> **Task details**: When you reach the line containing "This undated photo", repeat that line and each one after it exactly until the records end, leaving out pictures.

> **Data for the task**:

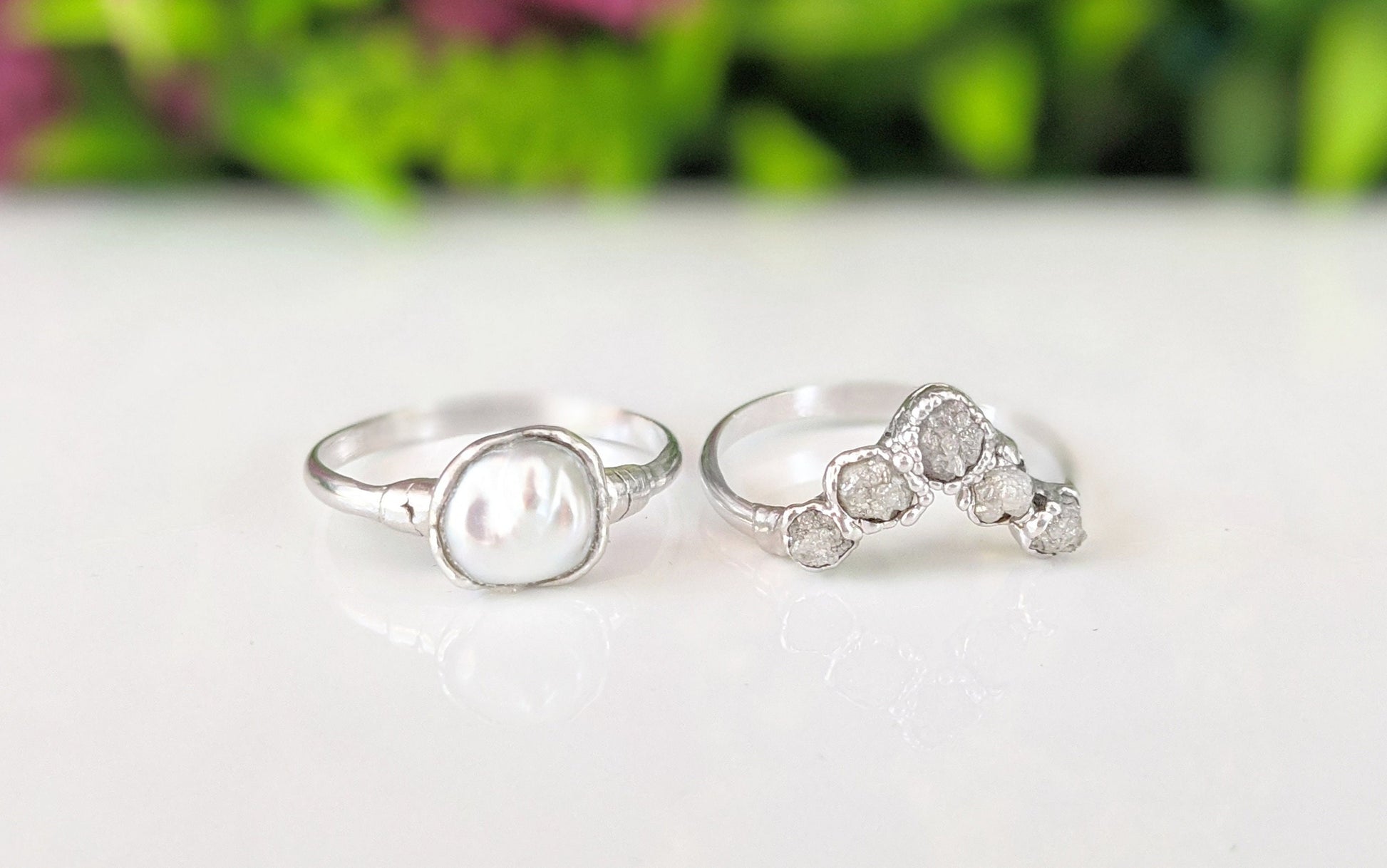 Raw diamond and Keshi pearl Chevron wedding ring set on a reflective surface with greenery in the background.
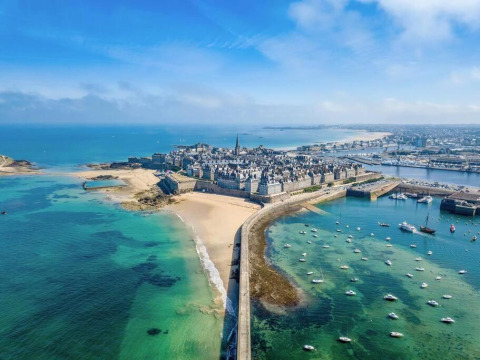 Luftaufnahme von Flower Camping Le Vieux Moulin Ferienpark mit Strand und Altstadt in der Bretagne, Frankreich.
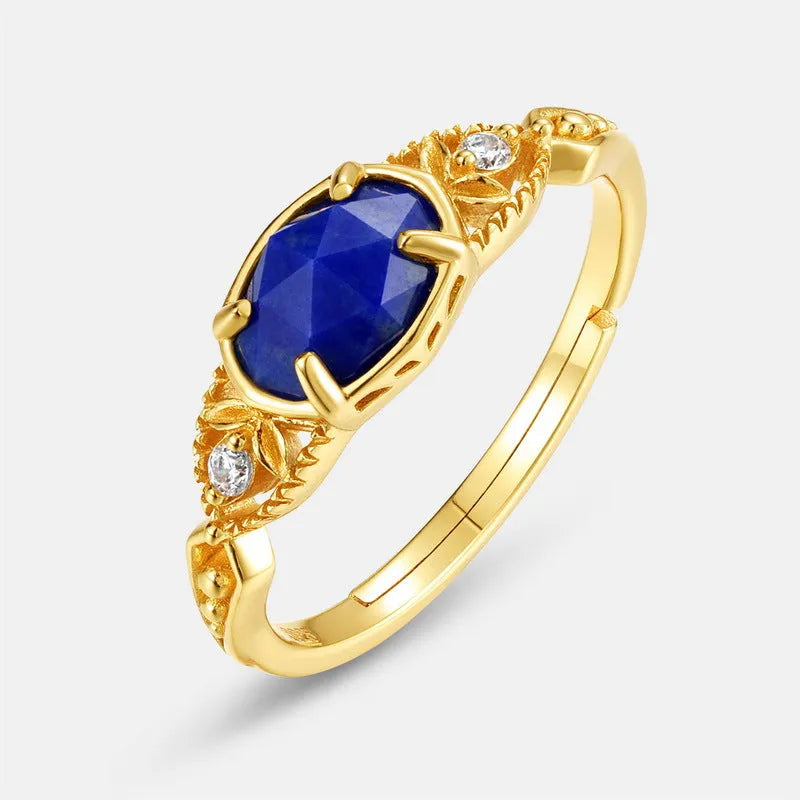 Women's ellipse geometric ring with round blue Lapis Lazuli stone on silver alloy band.
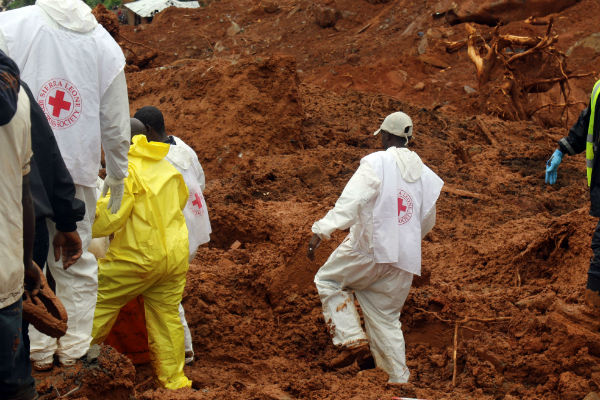 Des volontaires de la Croix Rouge en Sierra Leone recherchent des corps après une coulée de boue à Freetown, lundi 14 août 2017. &copy; AP/SIPA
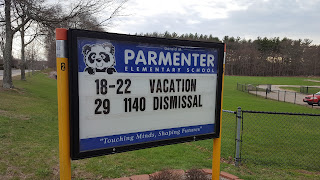 Parmenter School sign reminding of April vacation. Will this schedule be changed for the 2017-2018 calendar year? Find out at the April 26 School Committee meeting when the calendar committee reports.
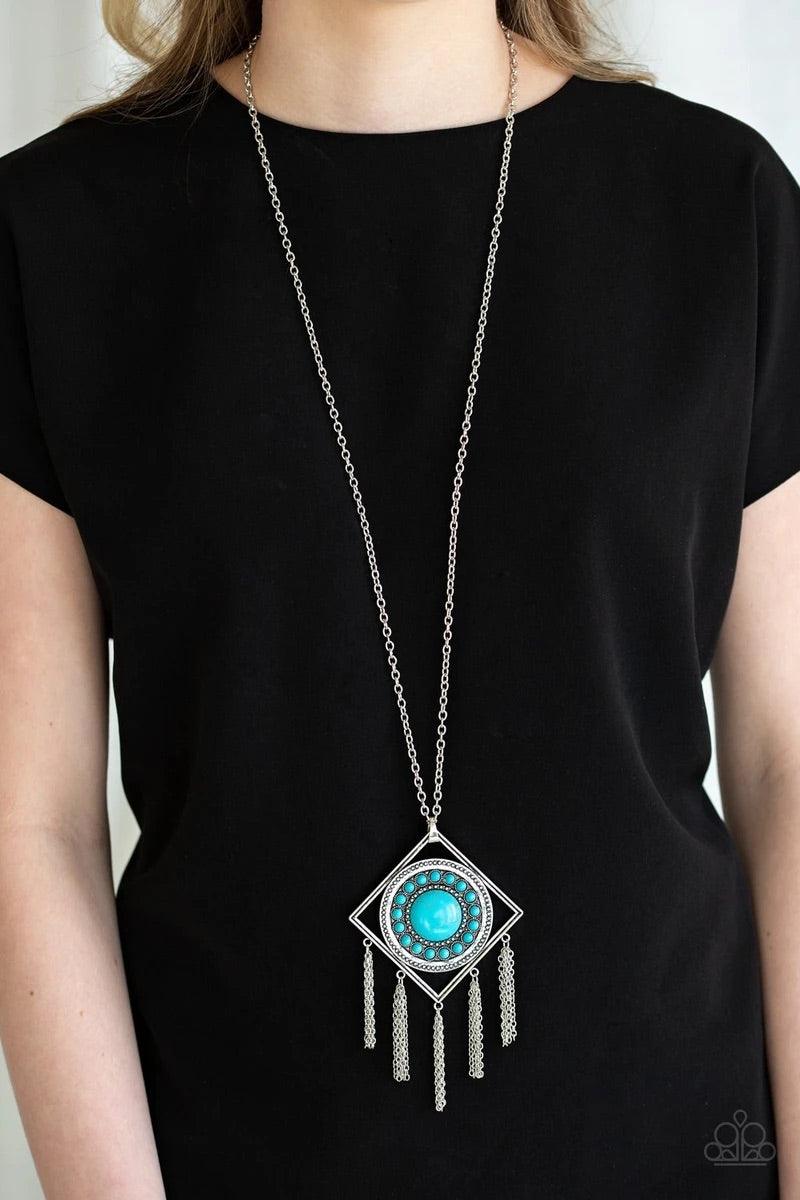 Paparazzi Accessories Sandstone Solstice - Blue Radiating with studded details and refreshing turquoise stones, a round frame is nestled inside of an airy silver square for a tribal inspired look. Attached to a lengthened silver chain, the colorful stone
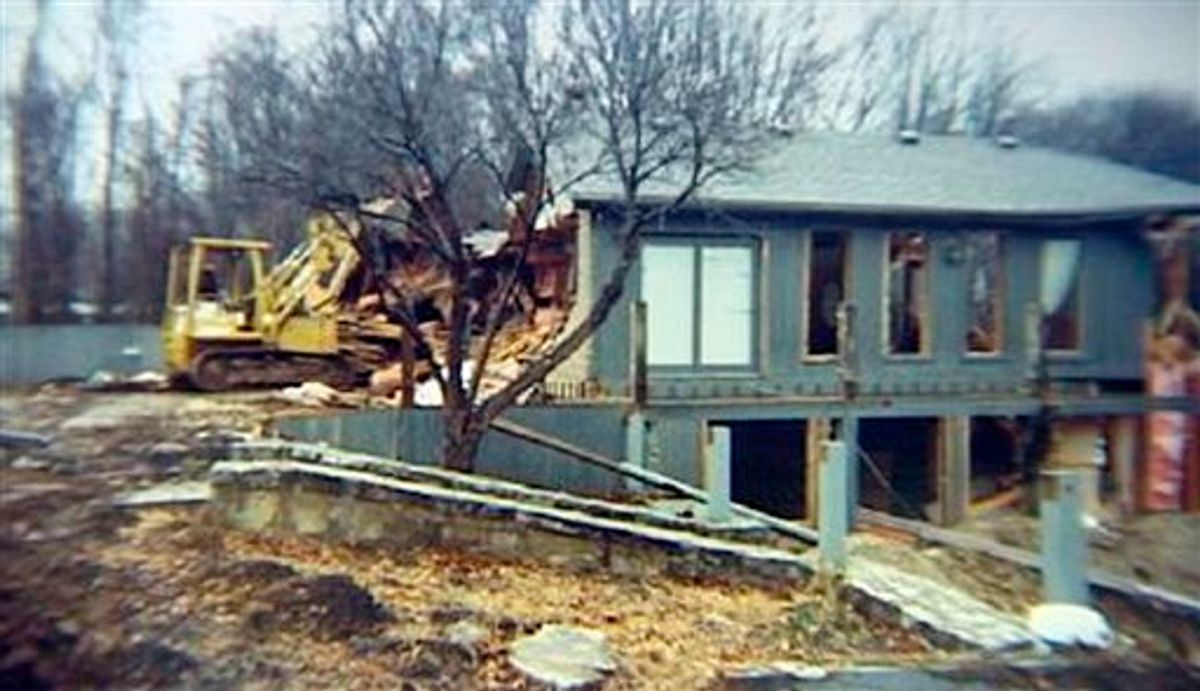 This undated photo released by Terry Hoskins, who allegedly bulldozed his own home after a bank began foreclosure proceedings, shows a bulldozer standing near Hoskins' home in Moscow, Ohio. (AP Photo/Terry Hoskins via WLWT) **NO SALES** (AP)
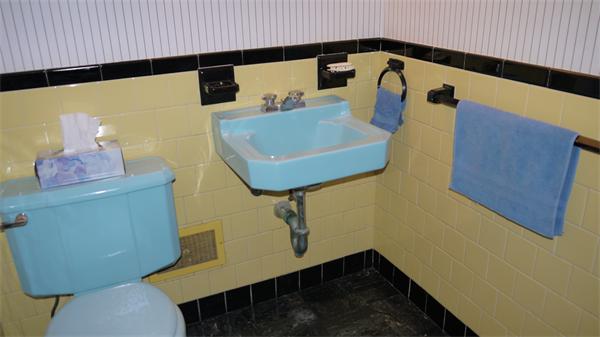 5 Rowell Road Danvers, MA 01923 - Photo 18 of 26 a bathroom with a toilet sink and mirror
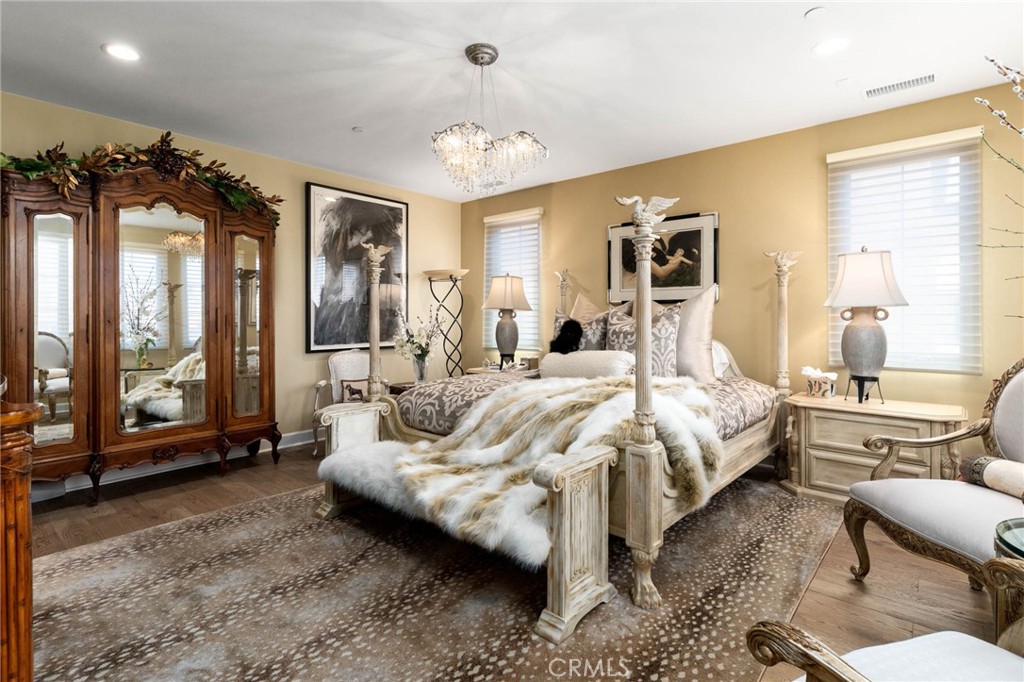 7 Zephyr Irvine, CA 92602 - Photo 31 of 52 a bedroom with a bed couch and large window with outer view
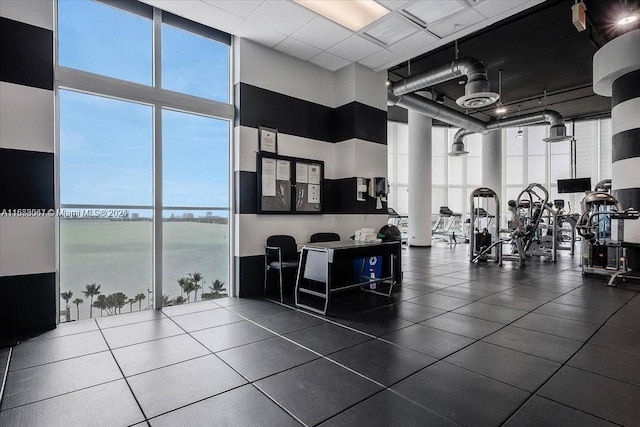 interior space with a high ceiling, a water view, and floor to ceiling windows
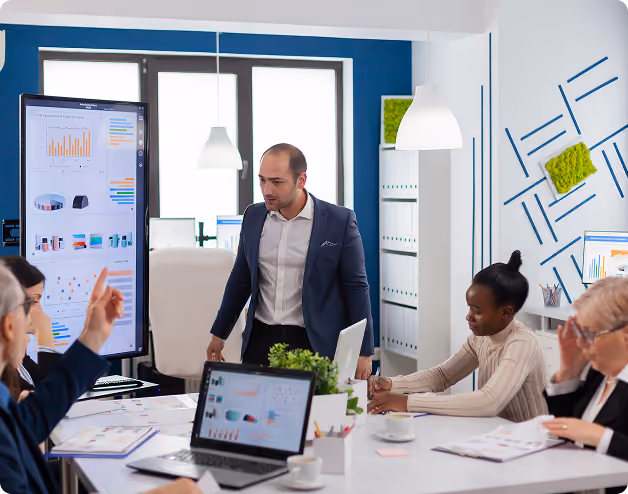Business team in meeting room reviewing charts on large screen and laptops during discussion.
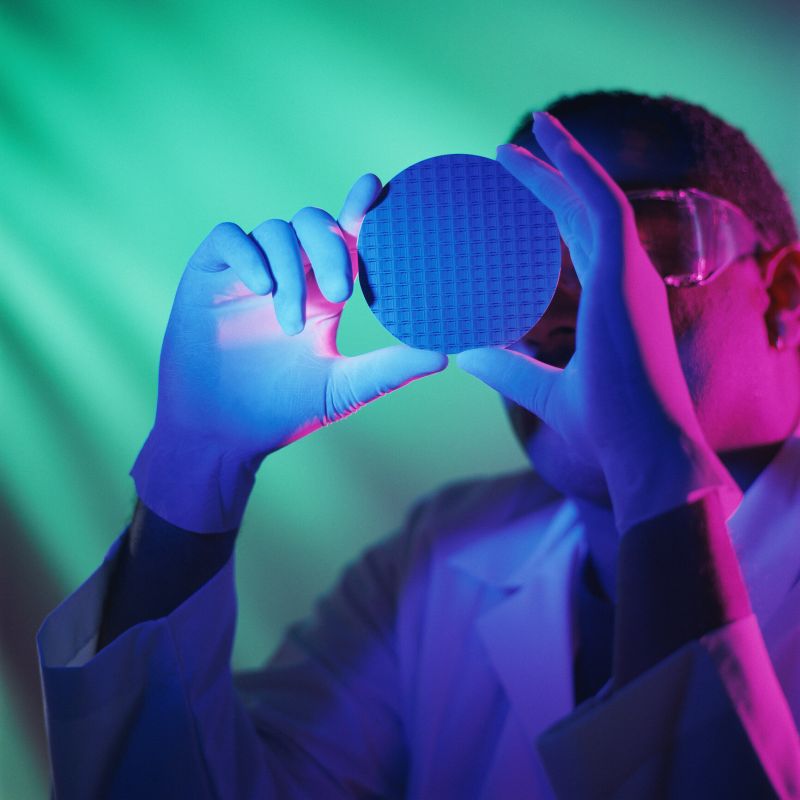 Chip engineer handling a wafer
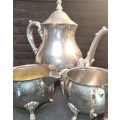 A VINTAGE SILVER-PLATED VICTORIAN STYLE TEA JUG, MILK AND SUGAR BOWL SET SOLD AS IS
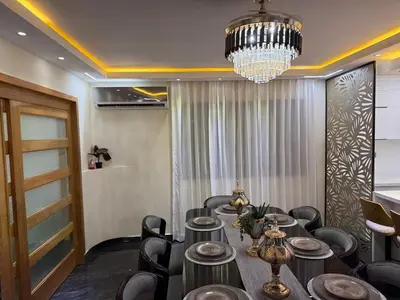 a dining room with a table and a chandelier at private property just for you in San Isidro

> **Reply**:
 This undated photo released by Terry Hoskins, who allegedly bulldozed his own home after a bank began foreclosure proceedings, shows a bulldozer standing near Hoskins' home in Moscow, Ohio. (AP Photo/Terry Hoskins via WLWT) **NO SALES** (AP)
 5 Rowell Road Danvers, MA 01923 - Photo 18 of 26 a bathroom with a toilet sink and mirror
 7 Zephyr Irvine, CA 92602 - Photo 31 of 52 a bedroom with a bed couch and large window with outer view
 interior space with a high ceiling, a water view, and floor to ceiling windows
Business team in meeting room reviewing charts on large screen and laptops during discussion.
 Chip engineer handling a wafer
 A VINTAGE SILVER-PLATED VICTORIAN STYLE TEA JUG, MILK AND SUGAR BOWL SET SOLD AS IS
 a dining room with a table and a chandelier at private property just for you in San Isidro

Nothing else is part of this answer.